京都人類学研究会4月例会

京都人類学研究会4月例会

演題

暦が停止するとき

日時

2012年4月23日(月曜日) 18時00分開場/18時30分開始

場所

京都大学総合研究2号館 4階会議室(AA447)

対象

どなたでも自由に参加いただけます。

発表者

浜本満氏(九州大学人間環境学研究院)

発表要旨

ドゥルマ(ケニア・コーストプロビンス)の間では4日で一周する「週」が用いられていた。2011年の夏、調査地を訪れた私はそれが完全に消滅していることを知った。誰も今日がドゥルマ週の何曜日か、答えられなくなっていたのである。

毎年、私は調査地に入ると、今日が何曜日かを人に尋ね、ドゥルマの曜日を使って日誌をつけていた。それがこの年には、1983年以来はじめて不可能だったのである。

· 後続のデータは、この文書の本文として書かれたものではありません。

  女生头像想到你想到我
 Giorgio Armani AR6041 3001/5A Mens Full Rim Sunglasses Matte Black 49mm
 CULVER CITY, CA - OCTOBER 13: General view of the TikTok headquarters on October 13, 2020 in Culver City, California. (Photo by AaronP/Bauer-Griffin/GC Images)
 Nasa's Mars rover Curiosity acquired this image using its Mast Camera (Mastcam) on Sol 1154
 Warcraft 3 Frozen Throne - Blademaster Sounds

考えてみてほしい。今から一年後にここに居る誰もが、今日が何曜日か言えなくなってしまうという可能性を。とてもありえそうにない。

私は一年前にはドゥルマの週がなくなるなんて考えてもいなかった。それゆえこの変化は恐ろしく唐突なものに感じた。当のドゥルマの人々自身が、あらためて自分だけでなく自分たちの周囲にも今日が何曜日か知っている人がいないという事実を気まずく感じている風だった。

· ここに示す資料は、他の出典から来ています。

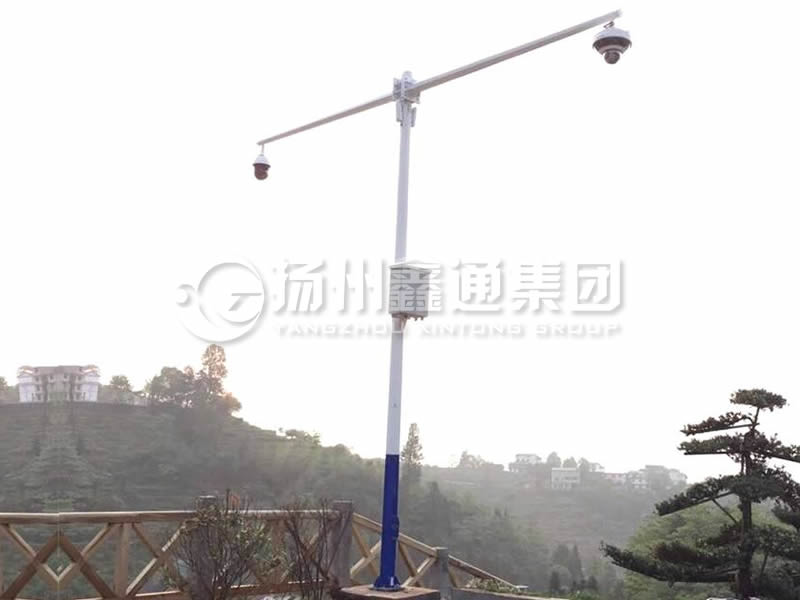 DJG-023，電子警察桿，治安監(jiān)控桿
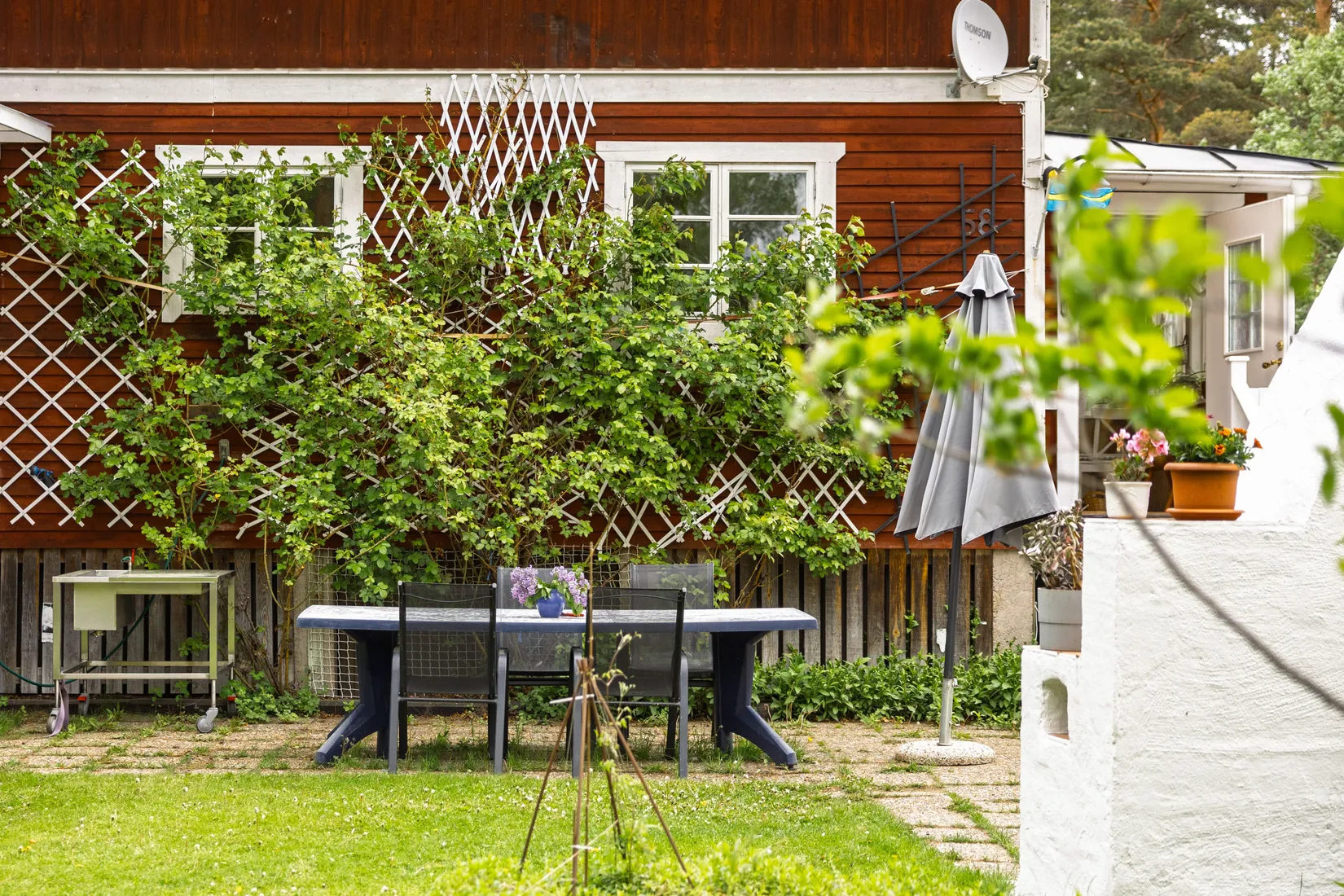 Villa, Brunnsviksvägen 58, Forsbacka, Gävle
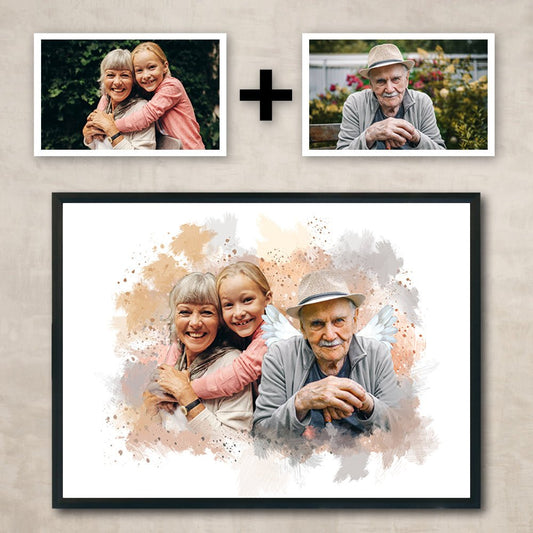 Honoring Your Loved One's Memory: The Power of Adding a Deceased Loved One to Photos - FlowerPup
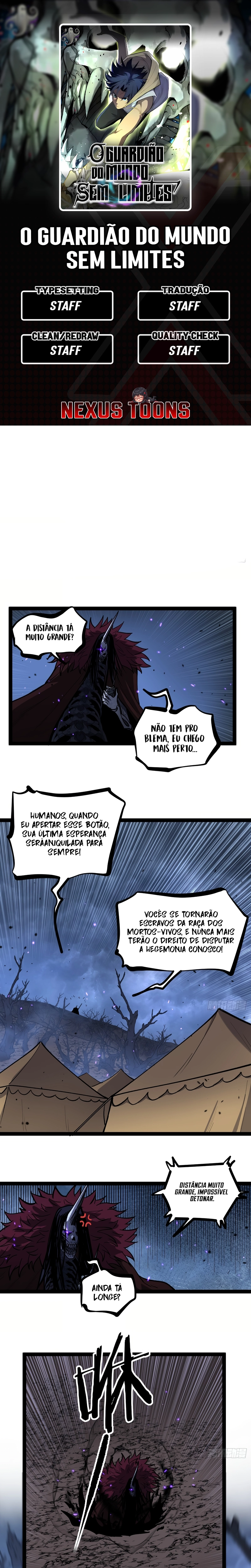 Read O Guardião do Mundo Sem Limites (PT-BR) PT Manga Online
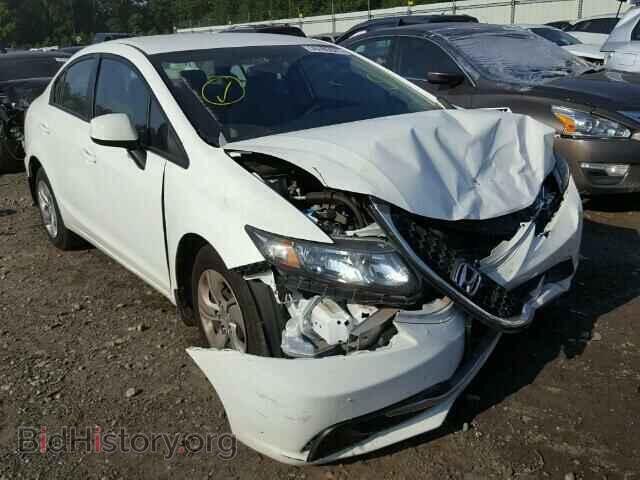 Фотография 19XFB2F56DE267756 - HONDA CIVIC 2013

これは一つの社会的制度や事実が、どのようなものによってリアリティを持ち続けることが出来るのかという問題を改めて私に考えさせた。ANT(Actor Network Theory)の一つの主張を体感できたような気がした。しかし同時に、ANTが前提としていながら、十分な注意を払ってはいない一つのプロセスにも気づかされた。人々の間での知識や信念の相互参照実践のプロセスである。 Dennettが志向性のレベルとして問題にし、Tomaselloがrecursive mind readingと名づけているようなこのプロセスがはらんでいる問題を、人類学ではおなじみの特定の集団の人々が「共有している信念」をめぐる問題系との関連で、考え直してみたい。

申し込み先

事前の参加予約は必要ありません。

問い合わせ先

京都人類学研究会事務局
E-mail: inq_kyojinken*hotmail.co.jp (*を@に変えてください)

【京都人類学研究会2011年度学生幹事】
安念真衣子 泉直亮 薄さやか 康陽球 北川了次 園田浩司 高田洋平 佃麻美 長岡慶 萩原卓也 二ツ山達朗 丸山大介 溝内克之 山口亮太 吉澤あすな

【京都人類学研究会2011年度代表】
アジア・アフリカ地域研究研究科 藤倉達郎(http://www.asafas.kyoto-u.ac.jp/

備考

  • 京都人類学研究会は京都を中心とする関西の人類学および関連分野に関心をもつ研究者・大学院生がその研究成果を報告する場です。
  • 当日は資料代として200円いただきます。